A. sb1.append("abc"); s1.append("abc");
B. sb1.append("abc"); s1.concat("abc");
C. sb1.concat("abc"); s1.append("abc");
D. sb1.concat("abc"); s1.concat("abc");
E. sb1.append("abc"); s1 = s1.concat("abc");
F. sb1.concat("abc"); s1 = s1.concat("abc");
G. sb1.append("abc"); s1 = s1 + s1.concat("abc");
H. sb1.concat("abc"); s1 = s1 + s1.concat("abc");









Answer: E

Explanation:

public StringBuilder append(String s) :is used to append the Specified String with the given String. Here sb1 is a reference variable of type of StringBuilder which has 123 as String in it. 

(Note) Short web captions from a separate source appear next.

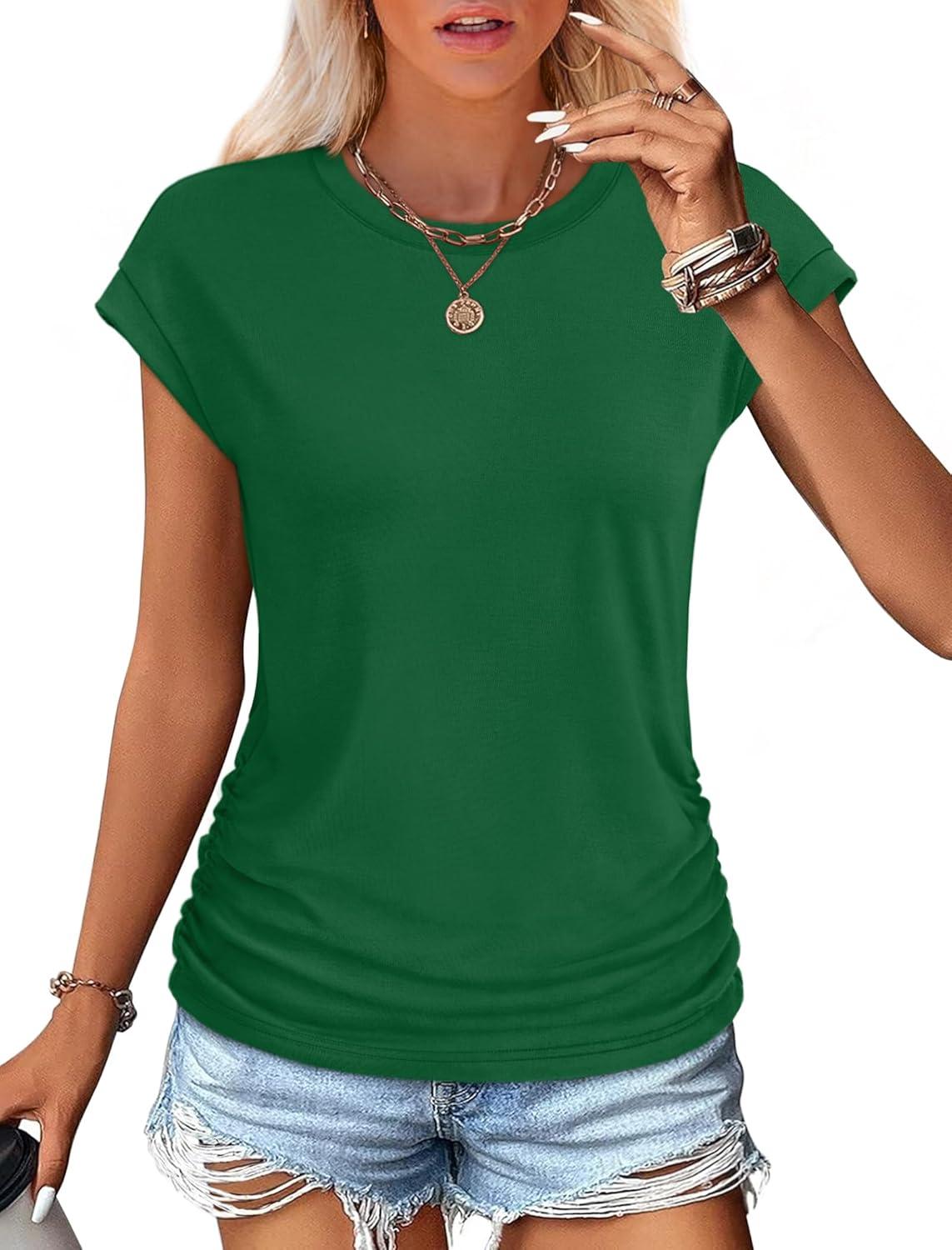 imageSAMPEEL Womens Summer Tops Trendy 2025 Ruched Cap Short Sleeve Tshirts Shirts Crew Neck T Shirts FashionGreen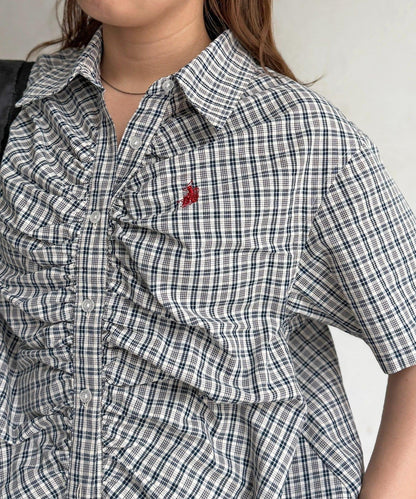 U.S. POLO ASSN. 褶皺設計短袖襯衫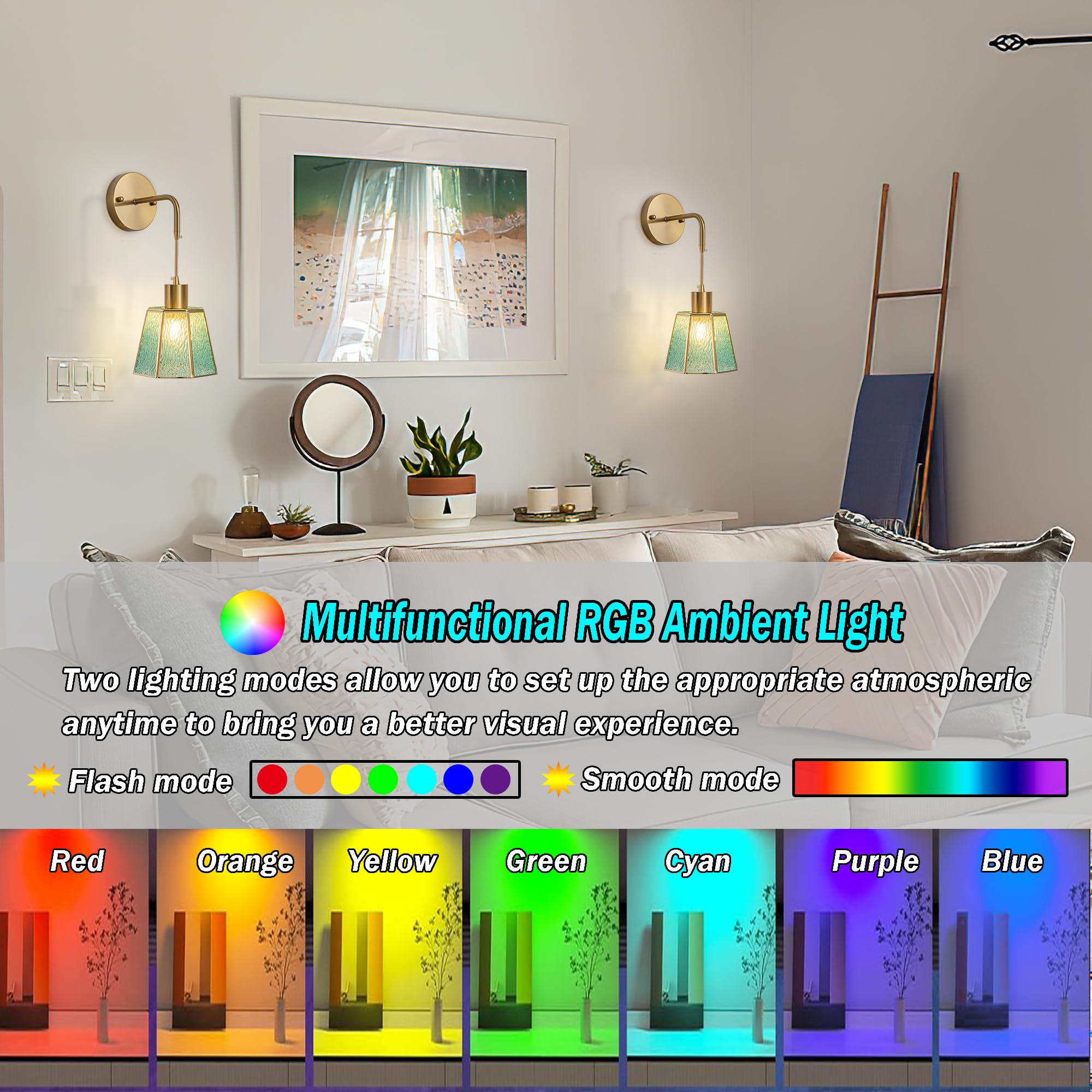 Yhcdlamp Battery Operated Sconces Set Of 2, Battery Operated Wall Lights With Remote,Rechargeable Wall Sconces Rgb Color Changin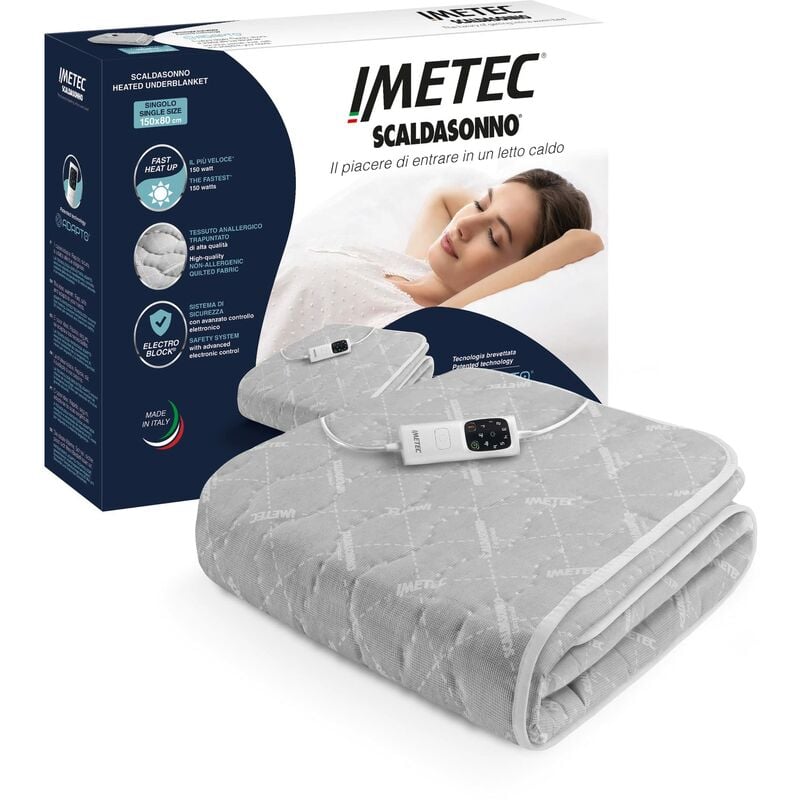 foto del prodotto imetec scaldasonno adapto singolo 150 x 80 cm, riscaldamento rapido, temperatura costante e personalizzata, tessuto trapuntato anallergico, made in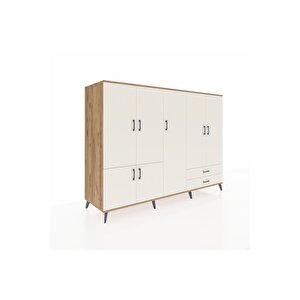 Kronos Dolap 12 Raflı 2 Çekmeceli 7 Kapaklı 220x59x163 Çam-aytaşı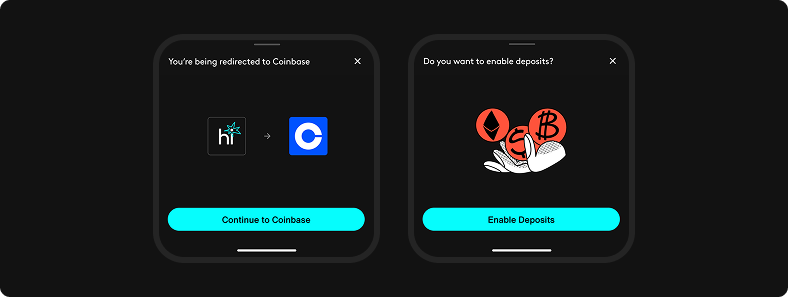 Partner deposit sheets show a Coinbase redirect and an Enable Deposits prompt before third-party funding can continue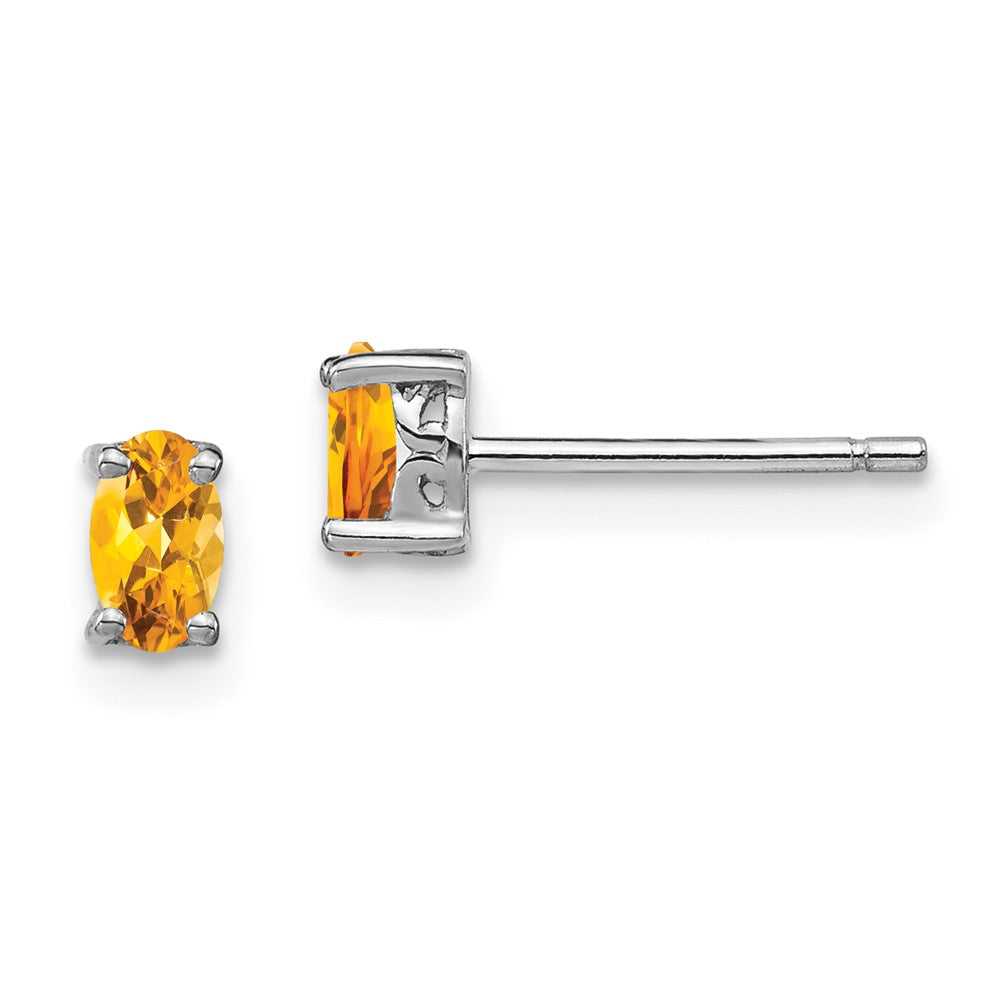 Rhodium-plated Sterling Silver 5x3mm Oval Citrine Post Earrings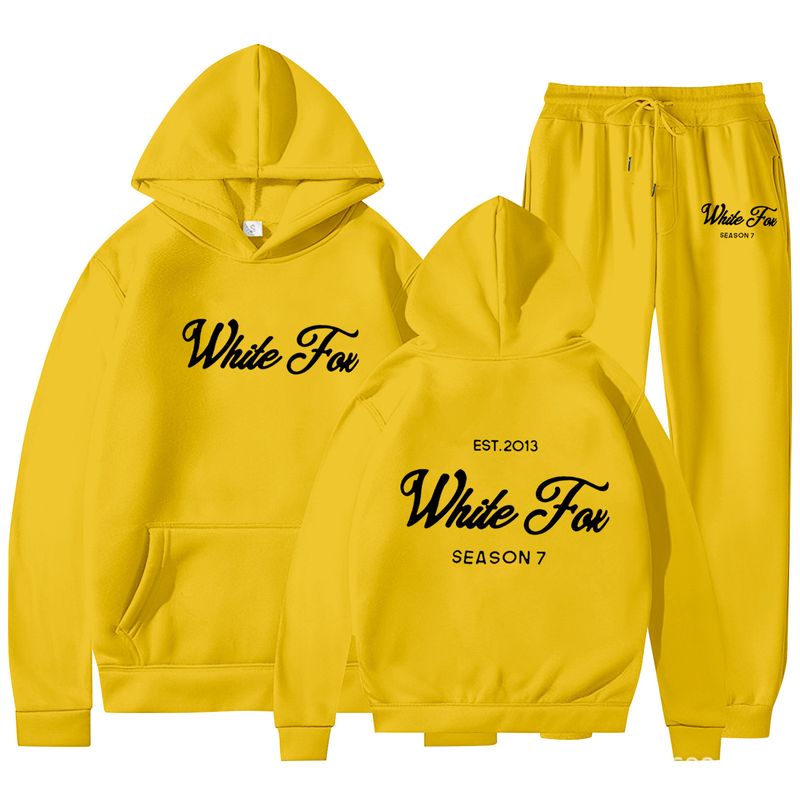 2024 autumn men's and women's casual sports fashion with velvet print running hoodie, sweatpants, hooded sweatshirt set_voghion.com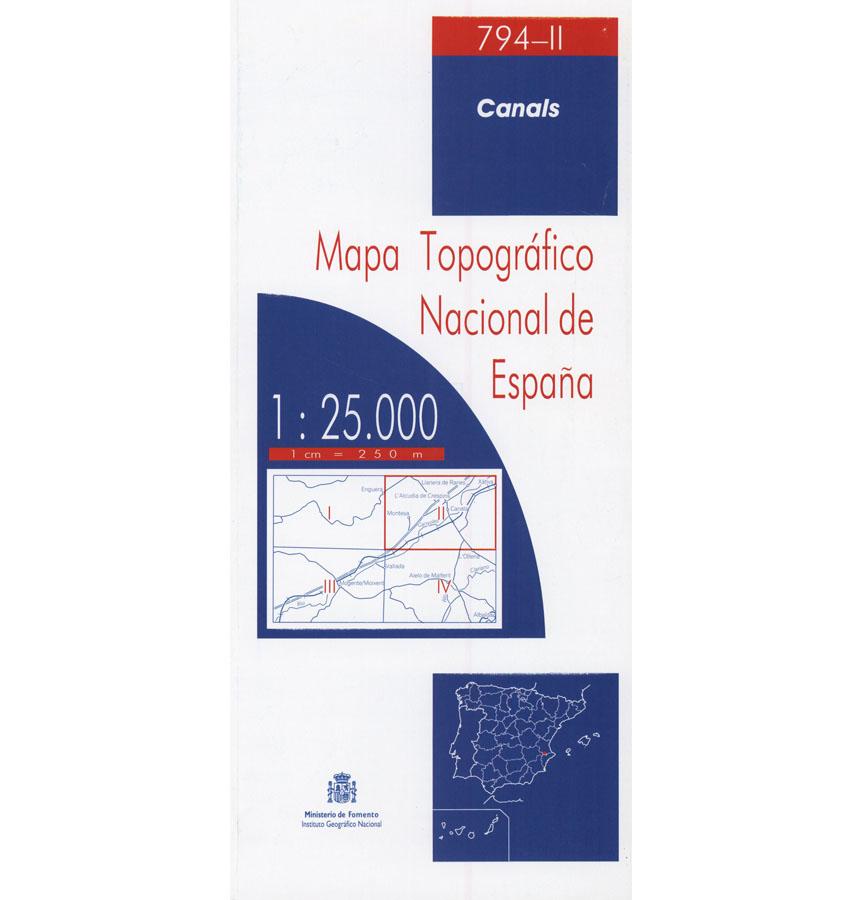 Carte topographique de l'Espagne n° 0794.2 - Canals | CNIG - 1/25 000 carte pliée CNIG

Now we need to append 123 with abc so we call sb1.append("abc"); which gives the output 123abc and remember unlike normal String where operation on 2 strings forms new String which doesn't affect the original given String but in String Builder it does affect the original String when we are using append method, therefore 123abc is stored in sb1 itself .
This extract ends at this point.